[Start of Attachment]

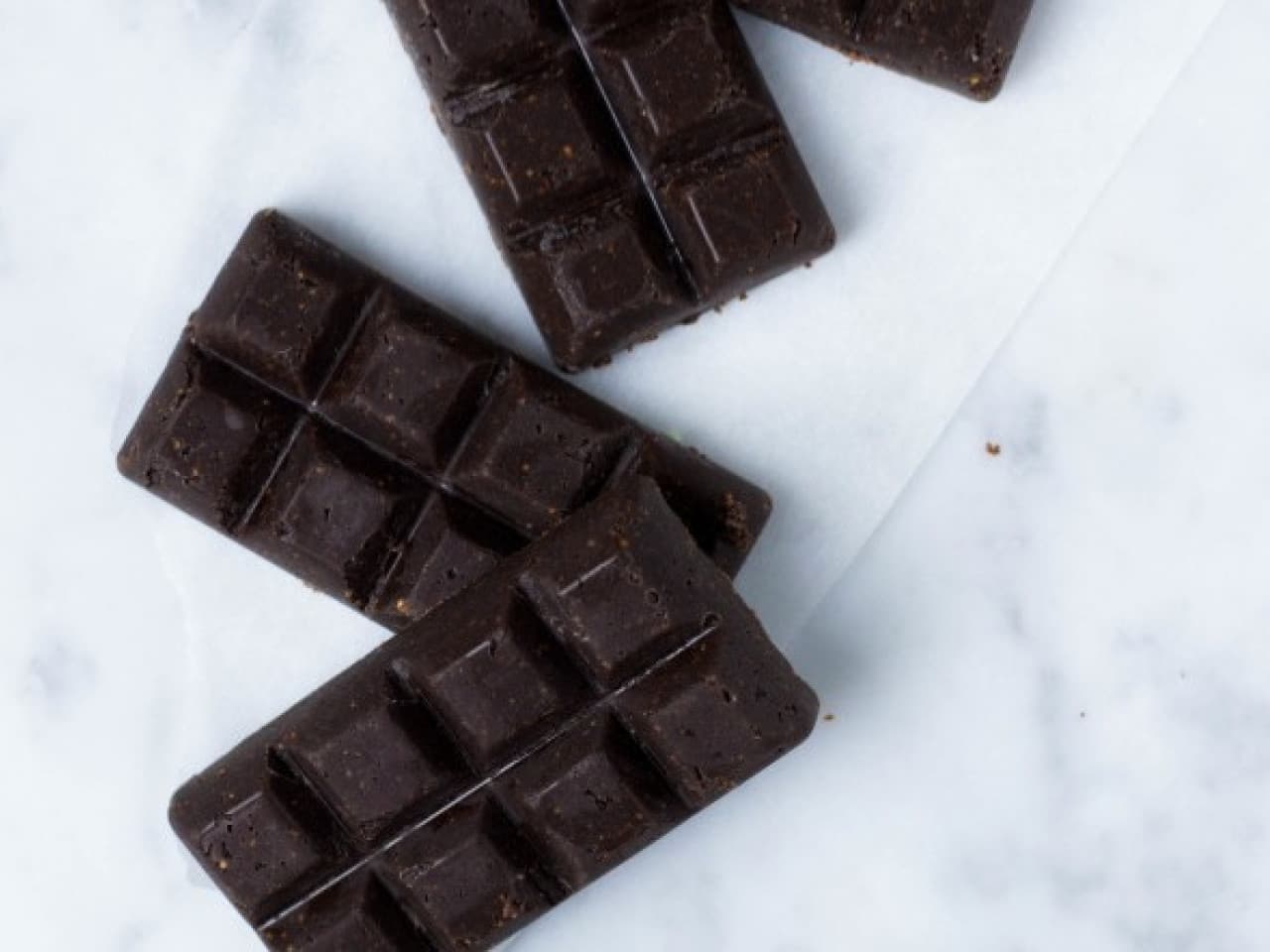 Raw cocoa bars with nuts
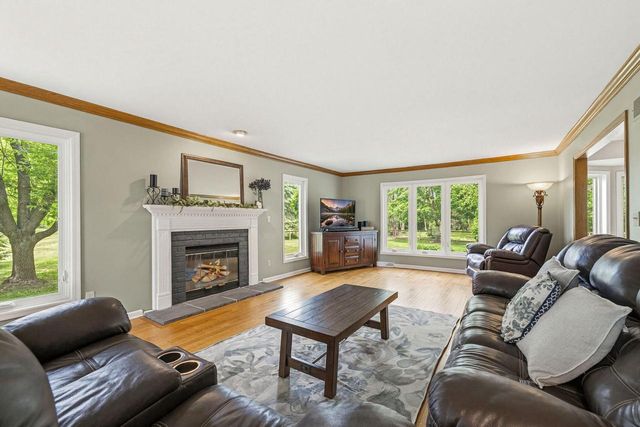 112 N Meadowside COURT, Summit, WI 53066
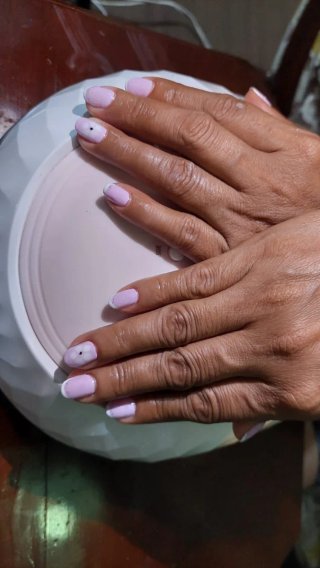 Manicurista profesional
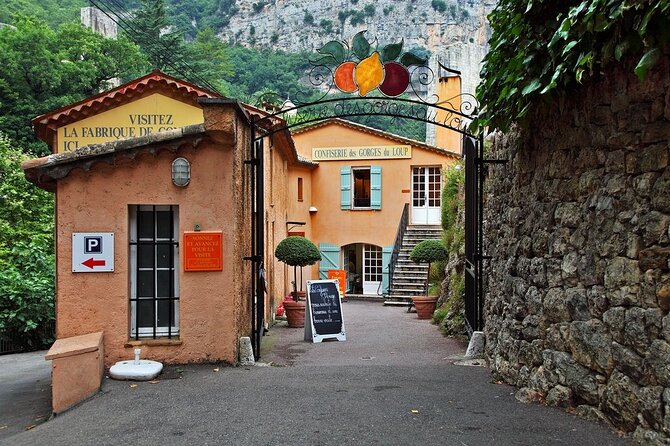 Half-Day Private Tour of Grasse and Its Surroundings - Grasse Perfume Industry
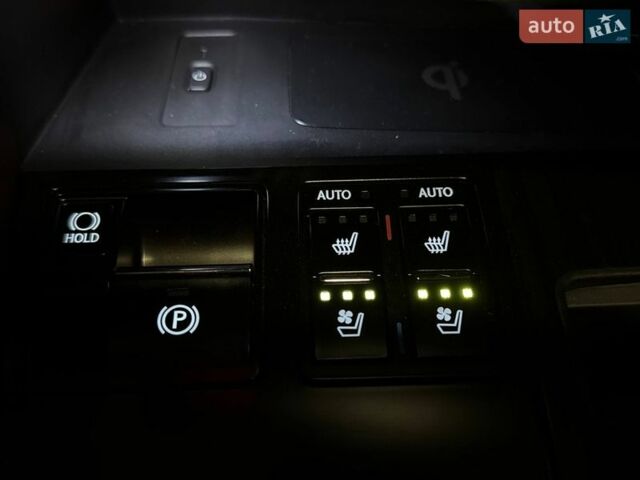 Белый Лексус РХ, объемом двигателя 3.46 л и пробегом 61 тыс. км за 57500 $, фото 25 на Automoto.ua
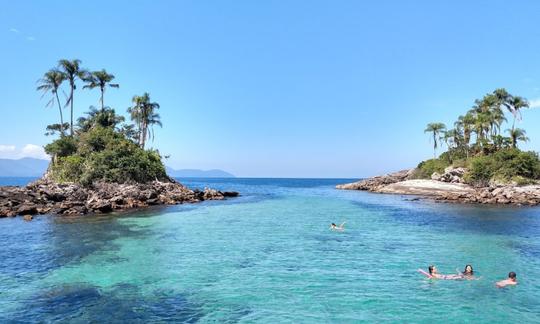 ブラジルのグランデ島にある34フィートのセーリングカタマランに乗って素晴らしい冒険に出かけましょう！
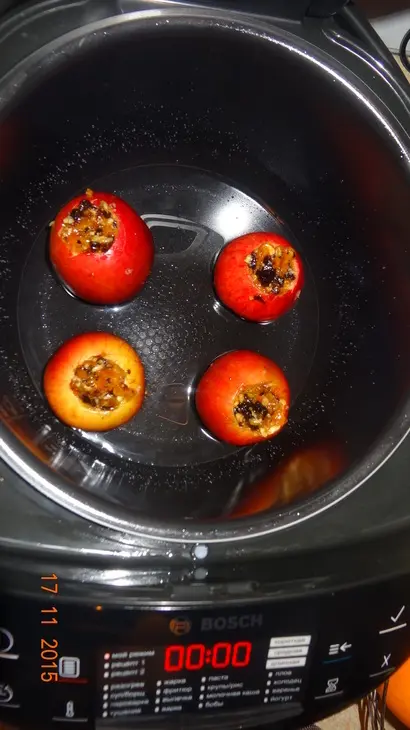 Яблоки печеные с мороженым: шаг 2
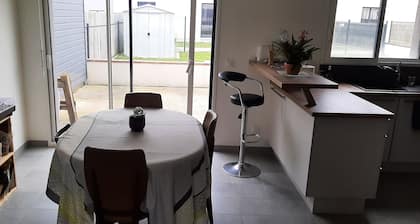 House in subdivision near Saint malo and shops animals accepted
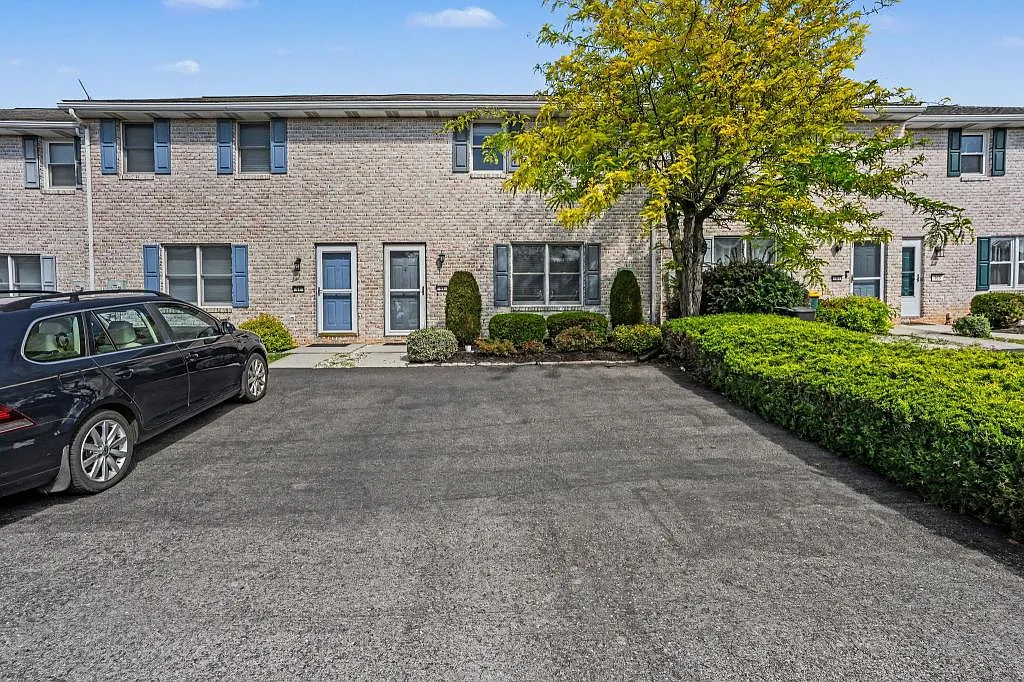 99 Lee Ann Ct — Photo 1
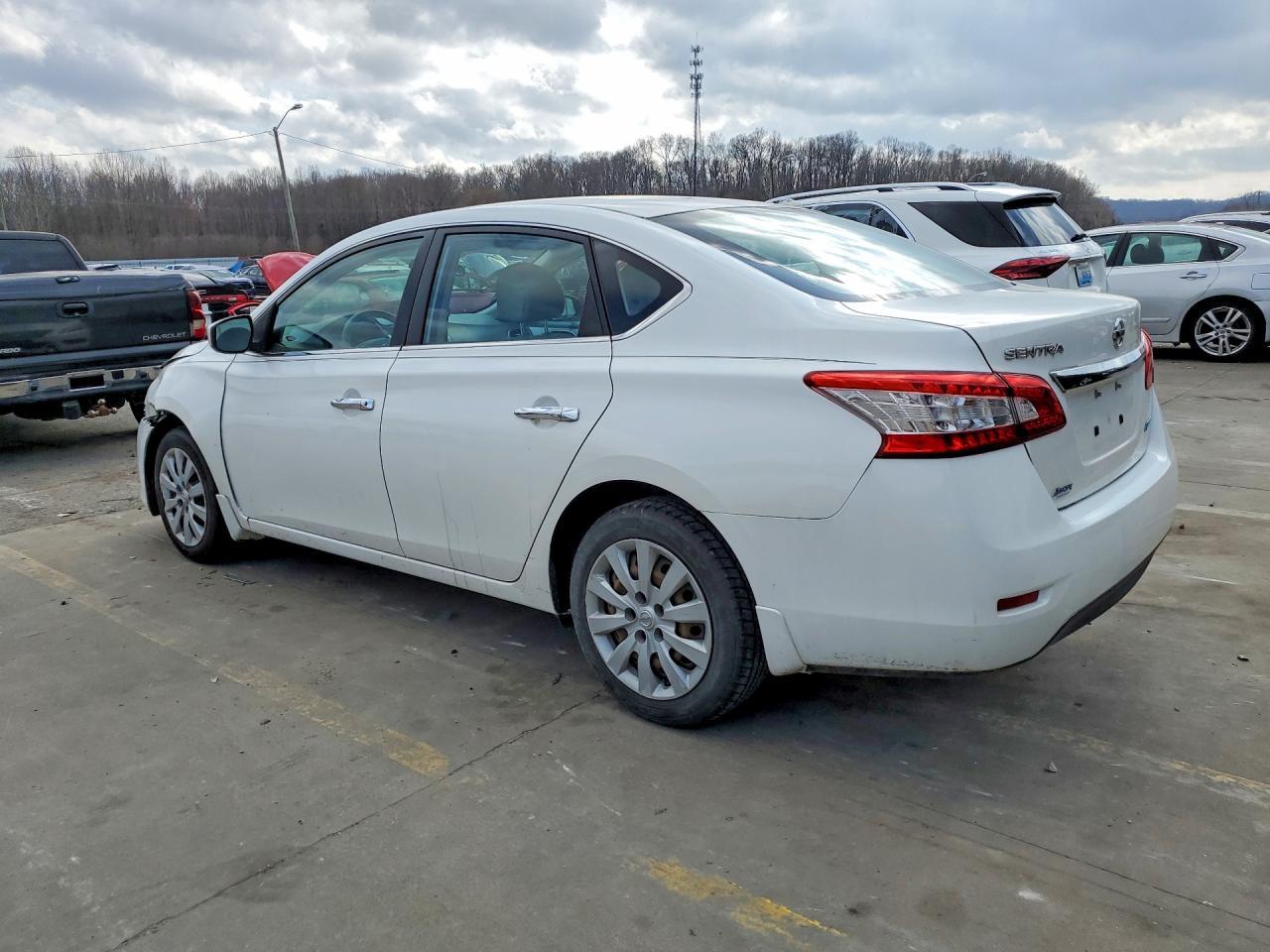 2014 Nissan Sentra S - Image 2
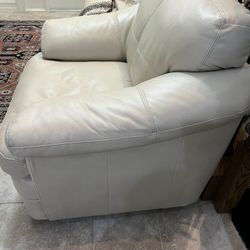 Beautiful Cream Couch 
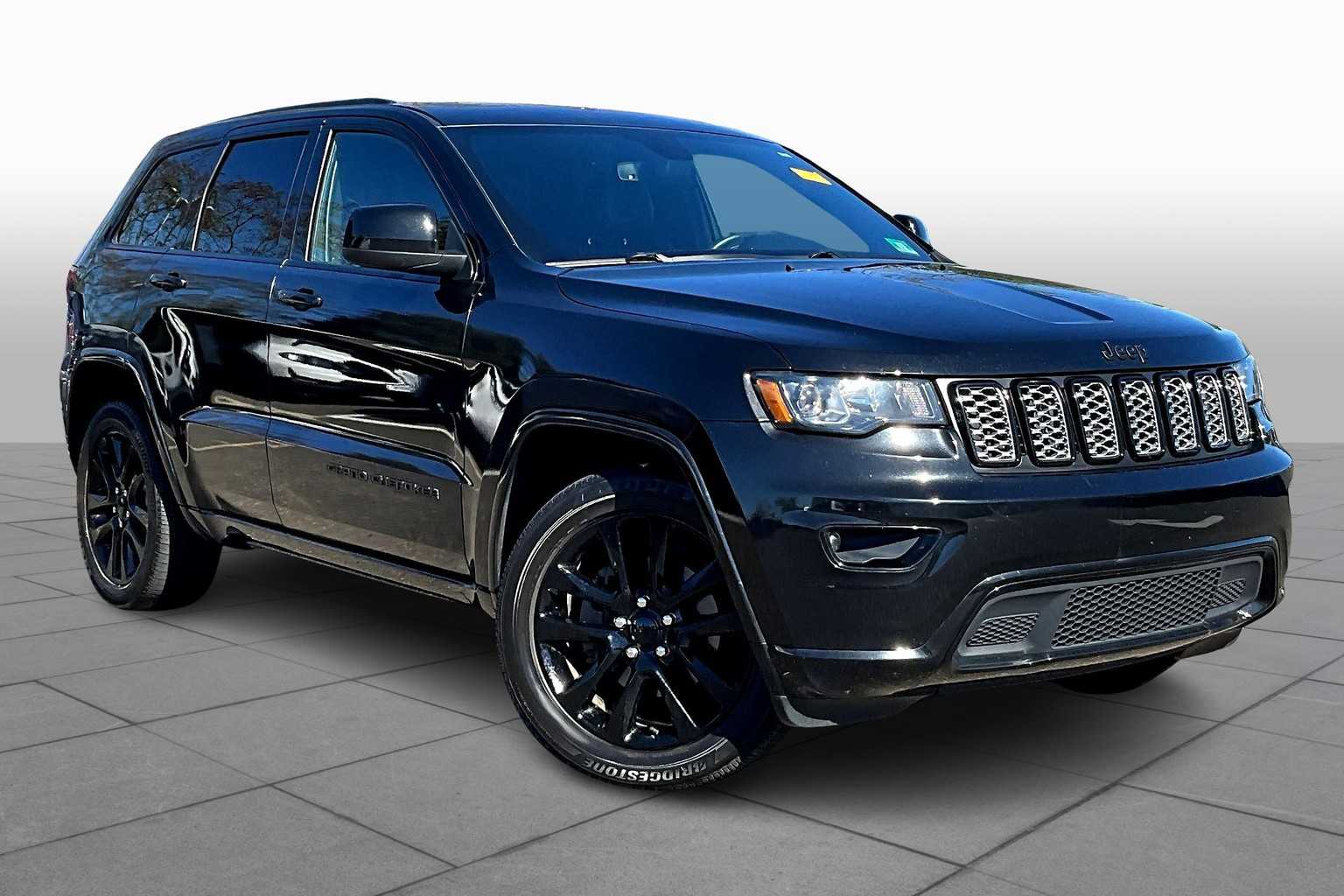 2018 Jeep Grand Cherokee Altitude photo 2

[End of Attachment]

Task description: If a line falls between the one containing "Яблоки печеные с мороженым: шаг 2" and the last line of the records above, inclusive, restate it exactly; leave out the pictures and everything else.

Exercise solution:
 Яблоки печеные с мороженым: шаг 2
 House in subdivision near Saint malo and shops animals accepted
 99 Lee Ann Ct — Photo 1
 2014 Nissan Sentra S - Image 2
 Beautiful Cream Couch 
 2018 Jeep Grand Cherokee Altitude photo 2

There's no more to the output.